Margot Robbie y su desnudo: la carne y el capital: anatomía de una diosa en tiempos de excesos
la carne y el capital: anatomía de una diosa en tiempos de excesos
Hay un momento en El lobo de Wall Street que no se olvida, no por obsceno, sino por revelador: Margot Robbie, como Naomi Lapaglia, desnuda su cuerpo ante la cámara con la frialdad estratégica de quien domina el tablero. No es erotismo barato; es guerra estética. El cuerpo, aquí, no seduce: negocia, controla, aniquila.

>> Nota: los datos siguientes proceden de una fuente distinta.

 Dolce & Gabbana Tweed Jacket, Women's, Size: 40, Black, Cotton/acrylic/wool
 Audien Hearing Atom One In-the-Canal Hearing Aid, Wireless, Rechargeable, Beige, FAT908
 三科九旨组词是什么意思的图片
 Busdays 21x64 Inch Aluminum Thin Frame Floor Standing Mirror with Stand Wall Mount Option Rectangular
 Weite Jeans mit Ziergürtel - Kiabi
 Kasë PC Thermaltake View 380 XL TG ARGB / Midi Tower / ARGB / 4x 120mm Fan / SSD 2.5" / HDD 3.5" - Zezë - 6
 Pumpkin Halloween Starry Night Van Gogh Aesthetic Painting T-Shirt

El plano —luminoso, calculado, de una limpieza casi quirúrgica— convierte el desnudo en declaración de poder. Robbie no es objeto, es arma: una Afrodita de Long Island, envuelta en acento de seda y uñas de oro, que utiliza su piel como divisa en el mercado de la testosterona desbocada. Scorsese, que nunca filma sin doble fondo, encuadra ese cuerpo como un templo profanado por el capital: sagrado, pero ya en bolsa.

El momento no es solo memorable por su carga sexual —aunque la tiene, y mucha— sino porque condensa en unos segundos toda la lógica del film: cuerpos como bienes, placer como estrategia, deseo como campo de batalla. El desnudo de Robbie es el equivalente visual del esnifado de cocaína sobre carne viva, del dinero volando como confeti maldito. Un cuerpo convertido en símbolo y síntoma del tiempo.
Y sí, Margot Robbie está deslumbrante. Pero más que su belleza, lo que arde en ese plano es su lucidez: la consciencia de estar mostrándose no para complacer, sino para gobernar. Porque en el mundo de Belfort, el capital no tiene moral. Pero el cuerpo, cuando se emancipa, puede ser revolución.